In contrast, "separate property" is the property acquired both before the marriage and after the date of final separation. For those with prenuptial agreements, the property protected by that agreement would also constitute separate property. A court will not divide the spouses’ separate property, but it may take the amount of separate property a spouse has into consideration when distributing the marital property.
But what about that big inheritance you got last year? Or that huge gift your parents gave you the year before that? Well, the answer is easy. All property acquired by one spouse as a gift, bequest, or inheritance whether before, after, or during the marriage is considered separate property.

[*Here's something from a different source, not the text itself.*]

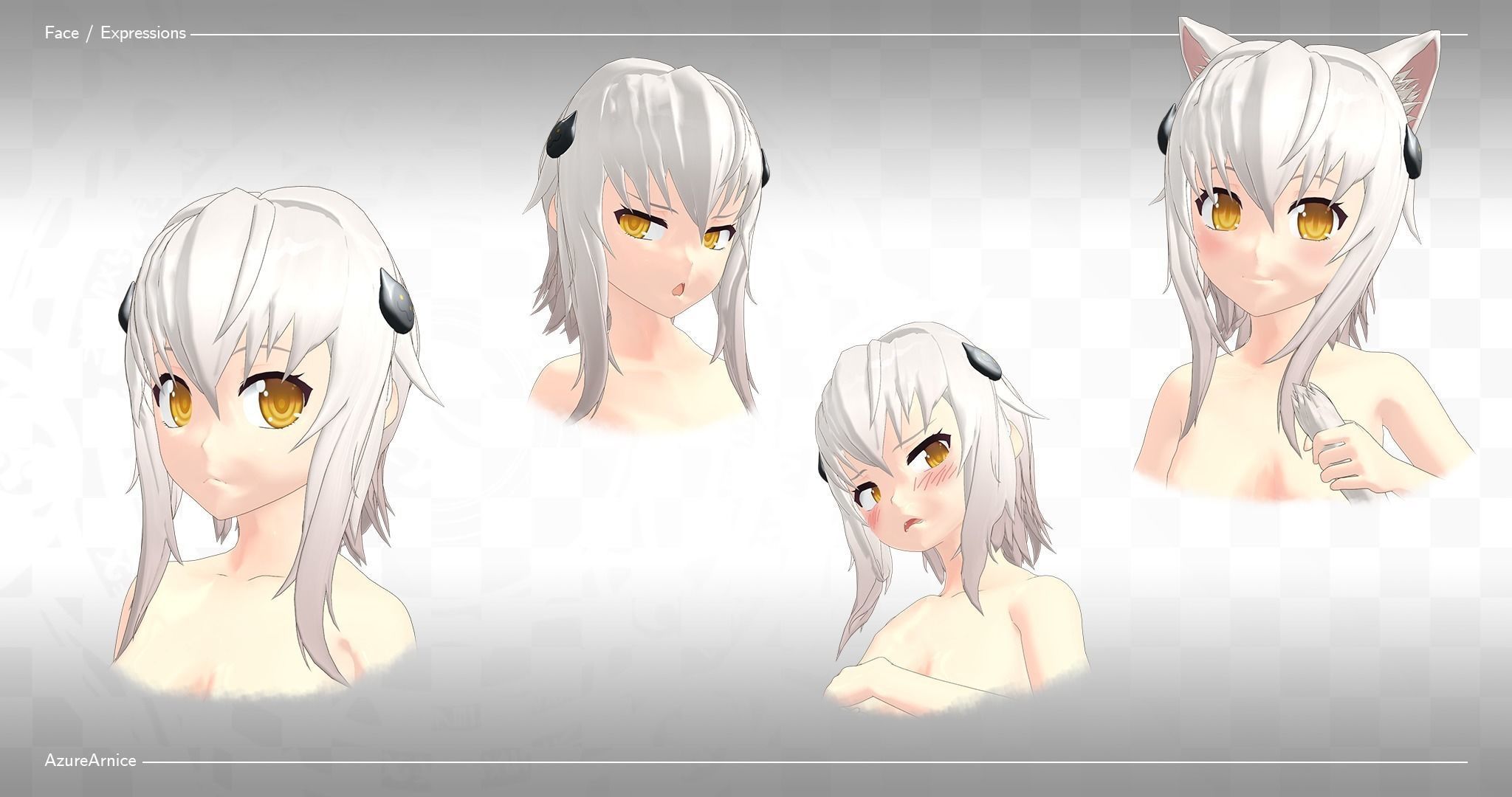 Highschool DxD - Koneko Toujou MMD Model DELUXE Low-poly 3D model_4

Equitable distribution also involves the division of marital debt, which is any debt incurred by either spouse during the marriage prior to the date of separation. Some common examples of marital debt include credit cards, mortgages, tax obligations, and loans. Like the distribution of marital assets, the equitable distribution of marital debt does not consider who acquired it. So, if your spouse racked up a significant amount of debt while you were married, you may be responsible for paying some of it after equitable distribution.
While individual loans are generally considered marital debt, individual student loans are a different story. If a spouse takes out student loans during the marriage, it is by definition marital debt. Despite this, student loans will usually remain with the student spouse and are not divided between the parties upon divorce. If a portion of the student loans were used to pay for living expenses for both spouses, then only that portion of the debt will be subject to equitable distribution.
When Do I Find Out What Marital Property Is Mine?
In a perfect world, the Judge would tell you at the conciliation, trial, or other court proceeding what marital property you get to keep. However, parties must wait until the Judge issues an order. Once the court considers the various factors set forth above, it will issue an equitable distribution order that fairly divides the marital property between the two parties. Once a court issues an order, both parties are bound by it, meaning that both parties must comply with what the order says. If one of the parties does not comply with the court’s order, the court can enter a judgment against that party or seize property on behalf of the other party.
You & Your Spouse Can Decide
Sometimes parties are able to distribute their marital property themselves without the help of the courts. They do this by executing a Separation Agreement, which is a contract between the divorcing parties that determines post-marriage rights and liabilities. If parties execute a Separation Agreement that distributes all of their marital property, there is no need for equitable distribution and there is no need for the court to get involved.
Parties may also avoid equitable distribution if the division of their marital assets are set forth in a prenuptial agreement. All property that is protected in a prenuptial agreement is shielded from equitable distribution.